Since hitting support at the 1.272 Fibonacci Extension, the market reversed and made a bullish run until hitting resistance at a short-term 1.618 Fibonacci Extension priced at $0.19. Price action is currently up a total of around 38% from this low seen in June.
If the bullish momentum continues within the market, we expect near-term resistance to be immediately located at the $0.20 handle which is the psychological round number barrier. However, it also contains the 100-day moving average within the same price level, adding to the expected resistance here. Further resistance can be located at the .382 Fibonacci Retracement priced at $0.21.
Alternatively, if the market rolls over once again, we can expect near-term support to be located at $0.14 followed by $0.12.
The RSI indicator is currently in favor of the bears within the market, dropping slightly below the 50 handle. If we are to expect the bullish momentum to pick up again, we would need to see the RSI break above 50 and continue to rise toward overbought conditions.
Let us continue to analyze ADA/BTC over the long and short term to highlight any potential areas of support and resistance.

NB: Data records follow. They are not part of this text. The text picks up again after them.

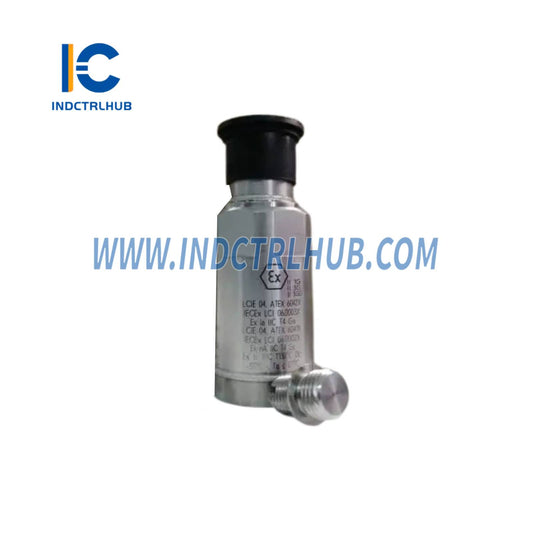 Bently Nevada 200355-12-00-00 Akcelerometar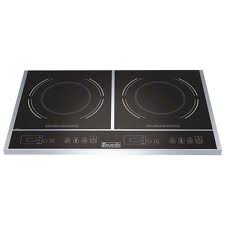 Induction Ranges & Hot Plates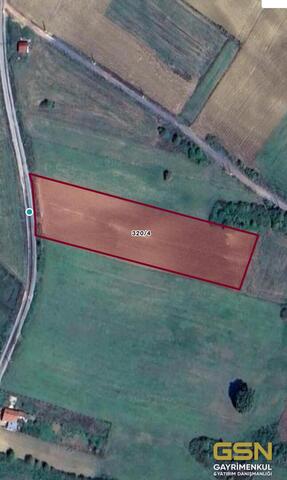 10-DERİNCE TAHTALIDA ASFALTA CEPHE KUPON ARAZİ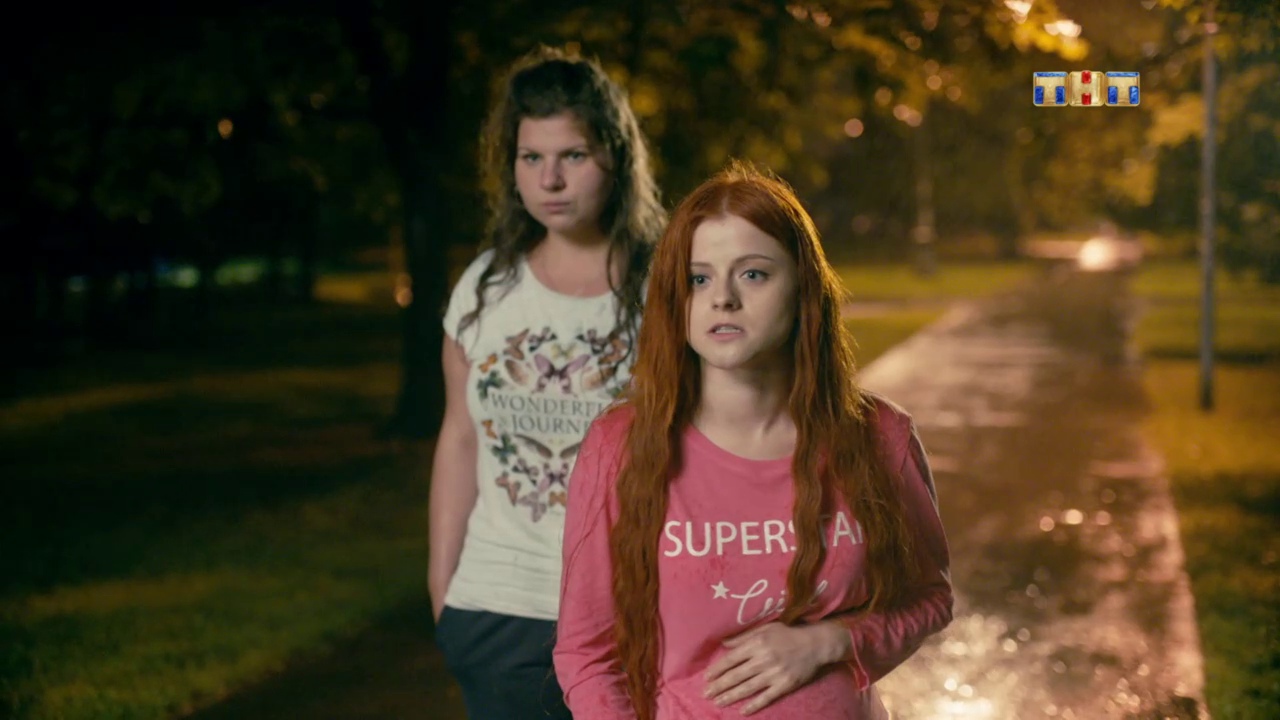 Ольга, 2 сезон, 5 серия (07.09.2017) смотреть онлайн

ADA/BTC – LONG TERM – DAILY CHART
Analyzing the market relative to Bitcoin over the long term above, we can see that ADA had experienced an extraordinary price increase when it started from a low of 330 SATS on November 24 ,2017 and rose to an all-time high of 9,180 SATS on January 4, 2018. This was an epic rise totaling 2,745% from low to high.

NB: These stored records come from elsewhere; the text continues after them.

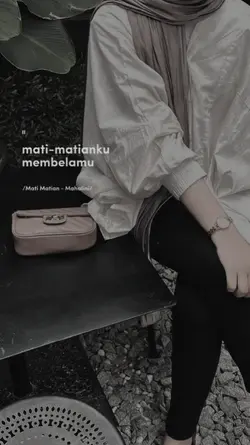 mati-matian mahalini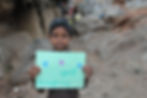 Sponsor an Orphan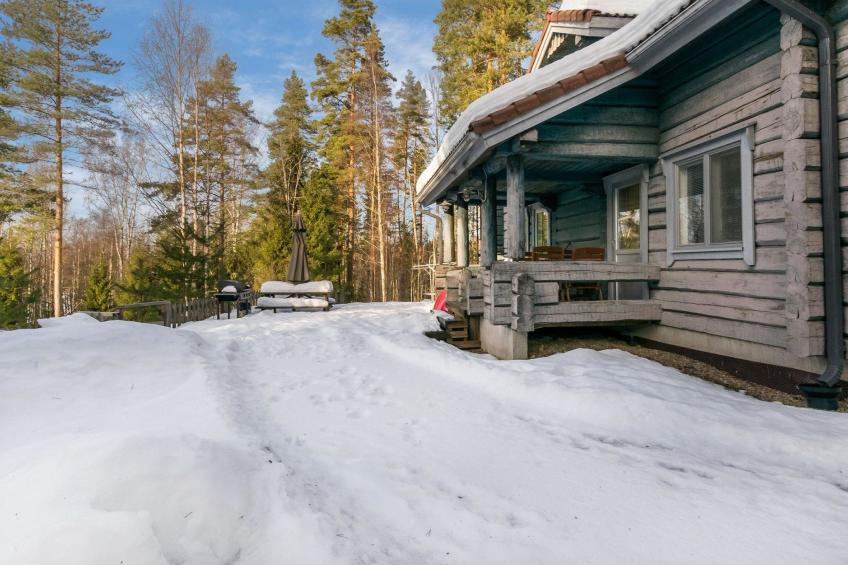 Vesan villa - foto 5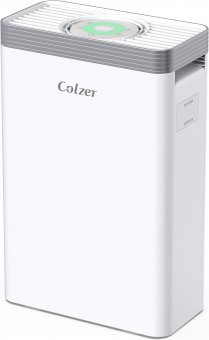 The Colzer 142C, by Colzer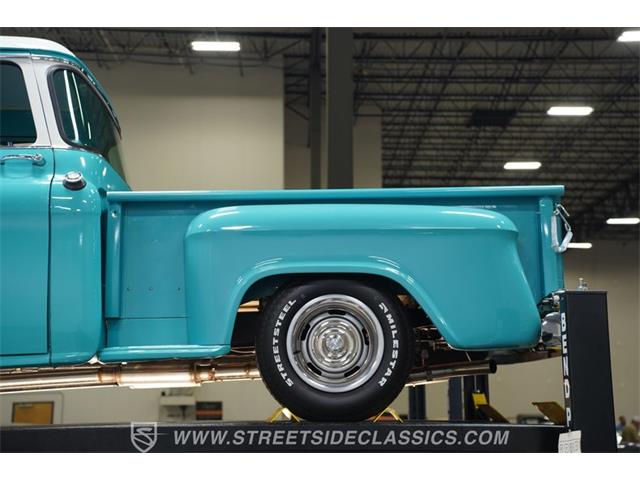 1957 Chevrolet 3100 (CC-2076115) for sale in Lavergne, Tennessee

We can see the market was not able to hold this level as it dropped, initially finding support at the .50 Fibonacci Retracement level priced at 4,819 SATS. This is a Fibonacci Retracement measured from the bullish run aforementioned.
The market continued to decline through February and March, falling below the .618 Fibonacci Retracement and the .786 Fibonacci Retracement to find support at around 1,677 SATS. This level became the price low for 2018, so far.
Let us continue to analyze price action over the shorter period to highlight any potential support and resistance zones.
ADA/BTC – SHORT TERM – DAILY CHART
Analyzing the market from the short-term perspective above, we can see ADA had experienced another bullish run during April when price action started from a low of 1,673 SATS on March 18, 2018 and extended to an intermediary high priced at 4,184 SATS in May 3, 2018. This was a price increase of 150% from low to high.
We can see that price declined during May, falling below the short term .618 Fibonacci Retracement priced at 2,633 SATS. This is a Fibonacci Retracement measured from the bullish run outlined in the paragraph above. Price action continued to fall during June until it found support at a 1.618 Fibonacci Extension priced at 2,040 SATS.
Price action is currently trading at this level. If the bearish pressure continues, we expect near-term support to be located at the .886 Fibonacci Retracement priced at 1,962 SATS. Following support below this level is expected at the March lows priced at 1,677 SATS.
Alternatively, if the bulls can pick up steam once again, we expect near-term resistance to be located immediately at the short-term and long-term .786 Fionacci Retracements (both in the same area) around 3,320 SATS. Further resistance above this level is expected at the 100-day moving average which currently hovers around 2,500 SATS.
The technical indicators in this market are also favoring the bears at this moment in time. The RSI is currently trading below the 50 handle, indicating that bearish momentum is in play. For a bullish run, we will need to see the RSI break up above the 50 handle.
Similarly, the moving averages are all pointing in a bearish trajectory. For a bullish run to occur, we would need to see the 7-day EMA (blue line) make its way toward the 21-day EMA (purple line) and cross above it for a bullish crossover signal. This would indicate that the bullish pressure is building within the market.